(Collected data entries)
▼▼▼

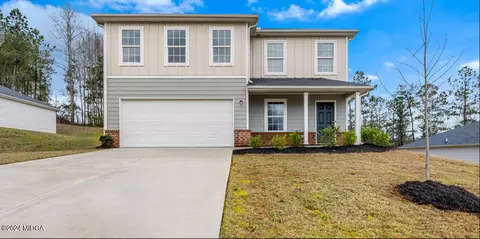 207 Dream Catcher Dr, Lizella, GA 31052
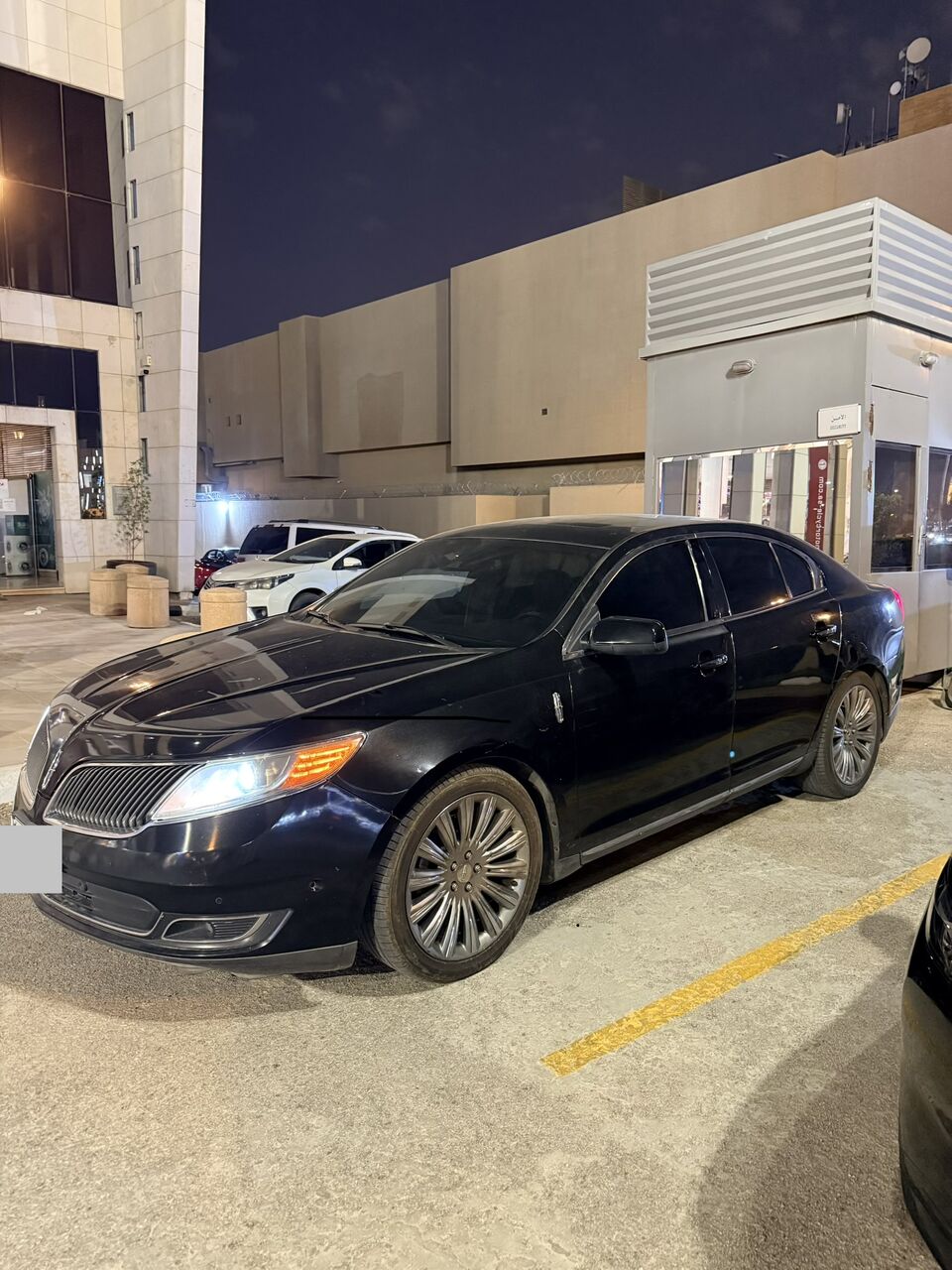 Riyadh, Vehicles, Cars & Trucks , SAR 28000,  Lincoln MKS,  2013,  Automatic,  190000 KM,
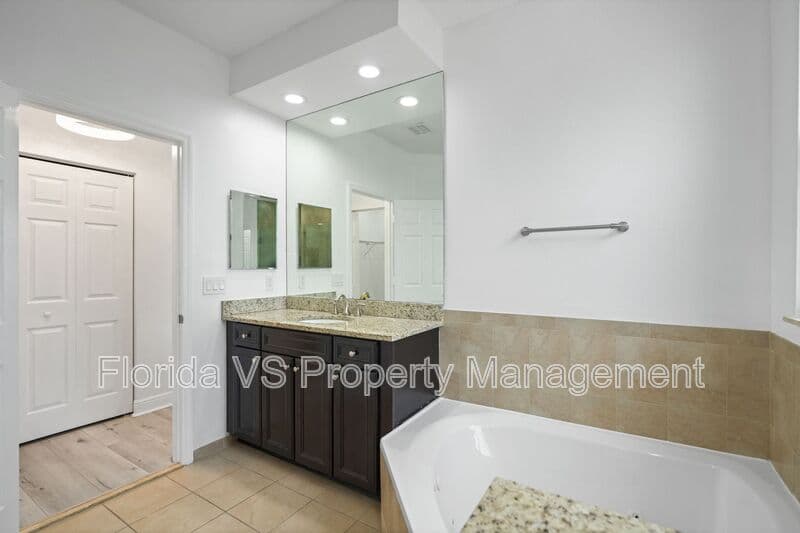 Doral House: 10016 NW 89 TER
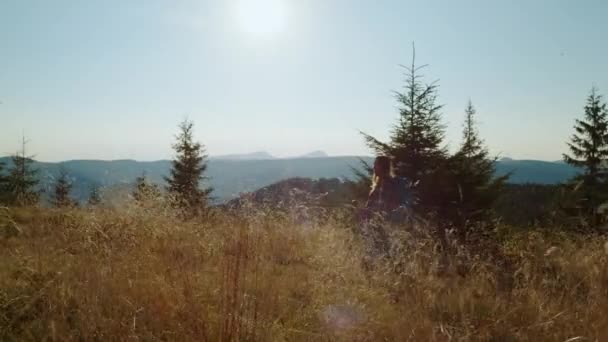 Vážná žena na horách o víkendu. Zaměřená dívka zkoumající přírodu — Stock video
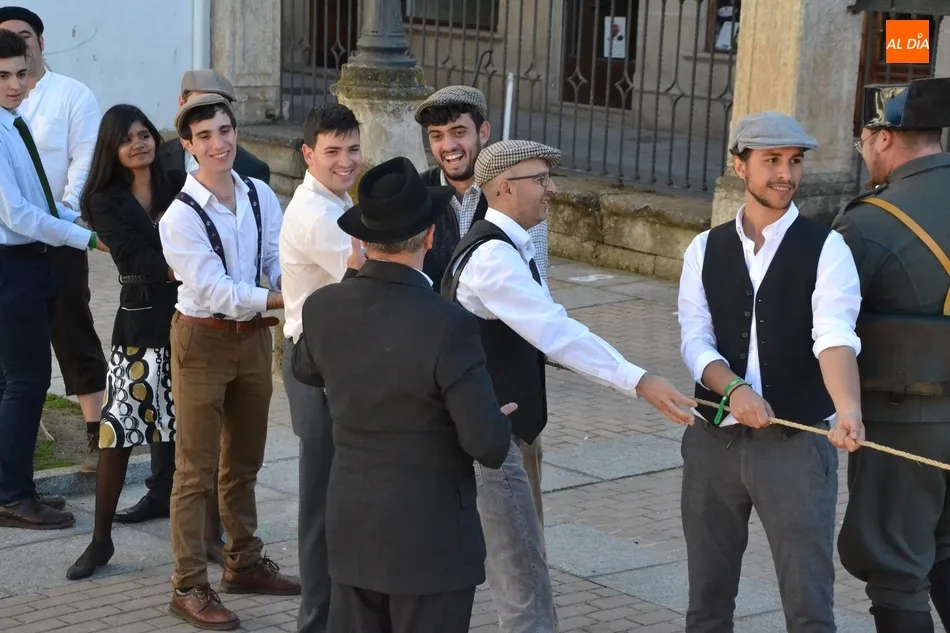 La competición de sogatira de la recreación de 1944, en vídeo  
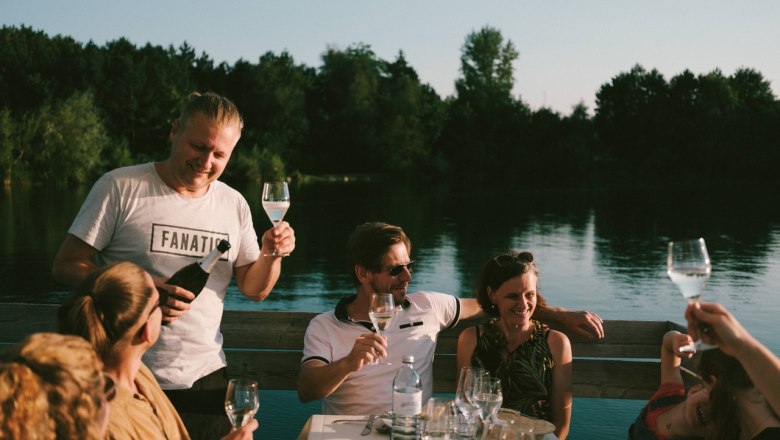 Indulgence in a sea can, © Konstantin Mikulitsch Indulgence in a sea can, © Konstantin Mikulitsch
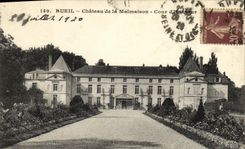 CPA Rueil Chateau de la Malmaison Cour d honneur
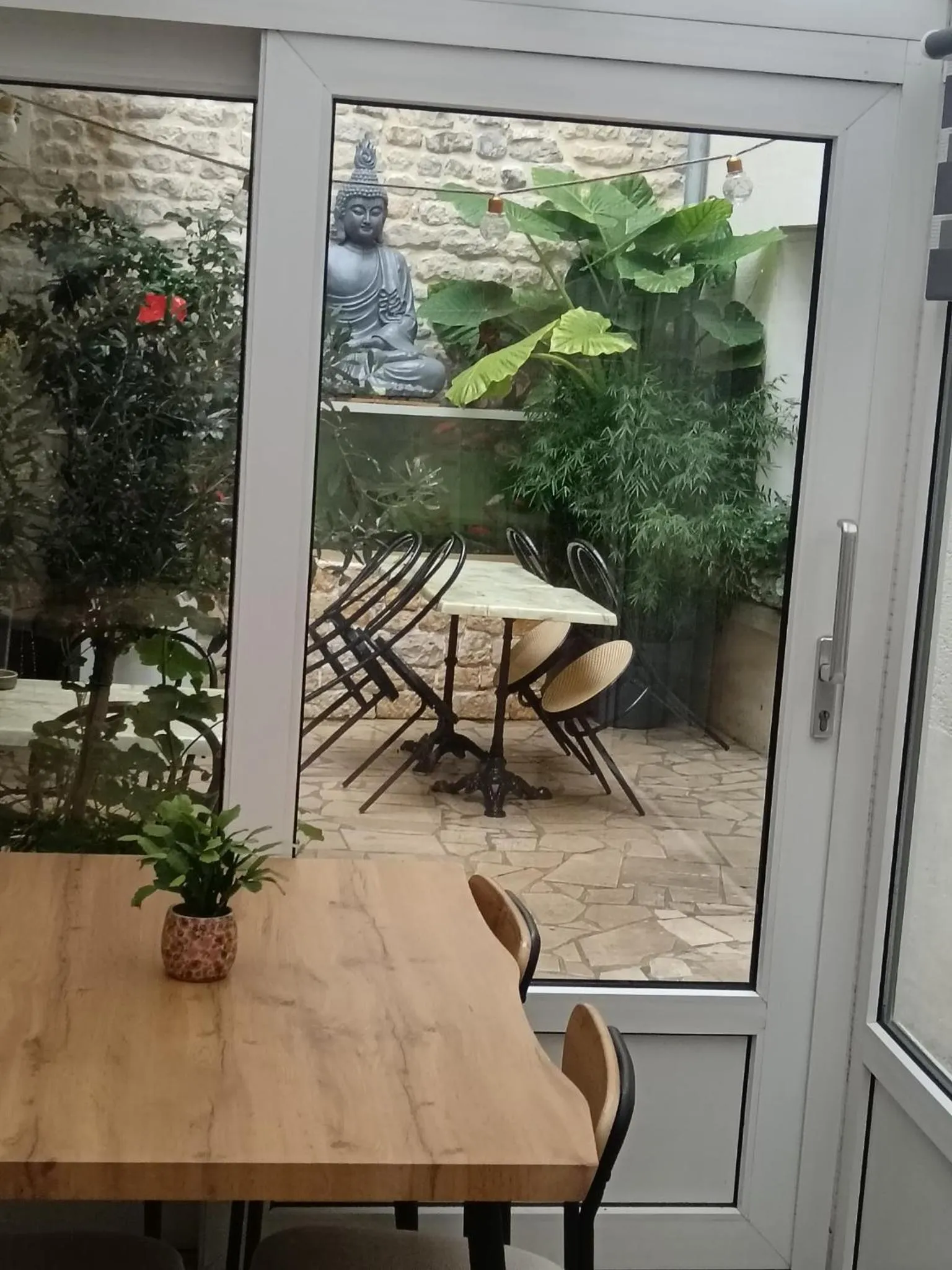 Patio in Le Declic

▲▲▲

### WHAT TO DO
Pictures must be left out of the answer, which should be exactly the lines from the one holding "Indulgence in a sea can, © Konstantin Mikulitsch Indulgence" through the last line of the entries above, both included; please add nothing.

### SOLUTION FOR THIS TASK
 Indulgence in a sea can, © Konstantin Mikulitsch Indulgence in a sea can, © Konstantin Mikulitsch
 CPA Rueil Chateau de la Malmaison Cour d honneur
 Patio in Le Declic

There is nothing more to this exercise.